Exercise aim:
Please leave out pictures and print exactly the lines from the one that has "Diğer Kareli Siyah Midi Blazer Kadın" through the last line of the material below.

Data block:
****

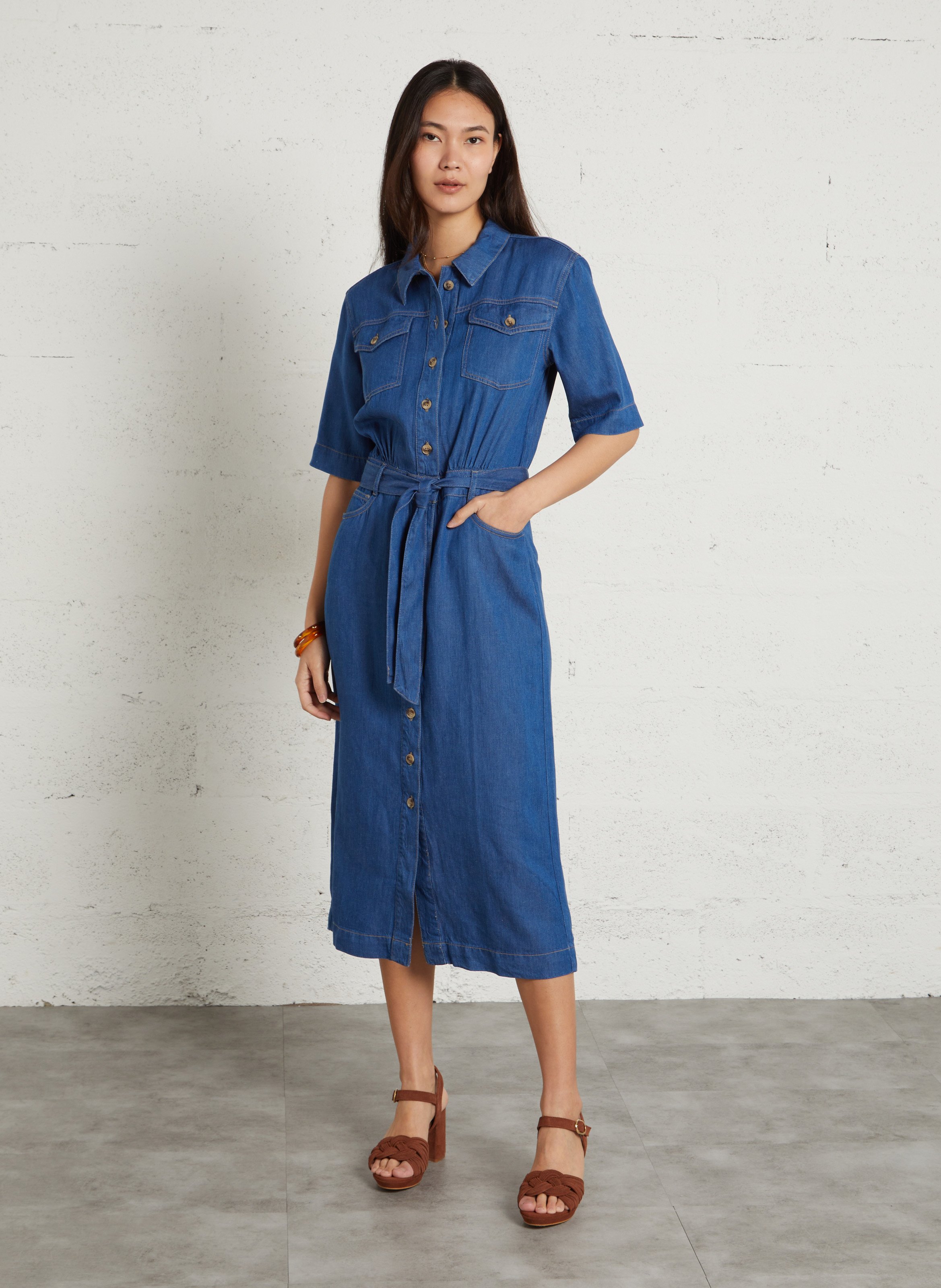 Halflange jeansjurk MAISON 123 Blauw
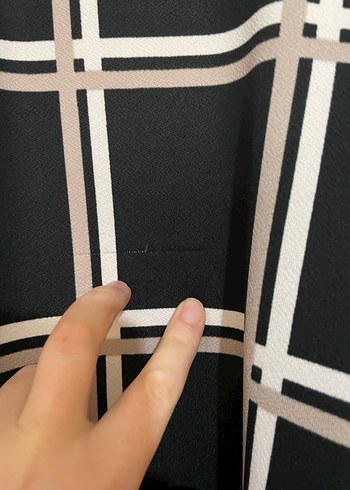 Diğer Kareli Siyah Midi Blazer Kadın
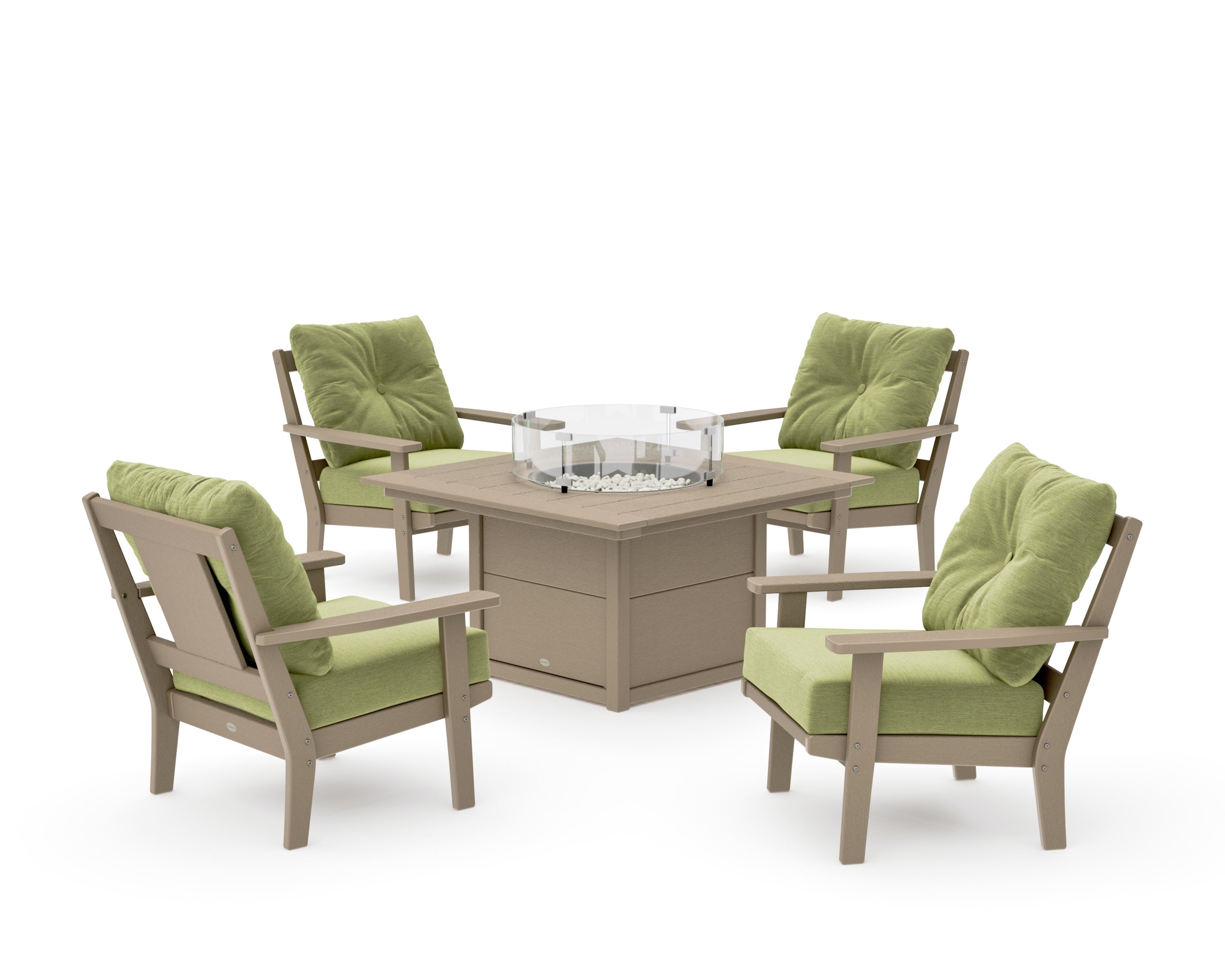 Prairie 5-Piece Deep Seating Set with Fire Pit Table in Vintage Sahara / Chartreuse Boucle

****

Exercise result:
 Diğer Kareli Siyah Midi Blazer Kadın
 Prairie 5-Piece Deep Seating Set with Fire Pit Table in Vintage Sahara / Chartreuse Boucle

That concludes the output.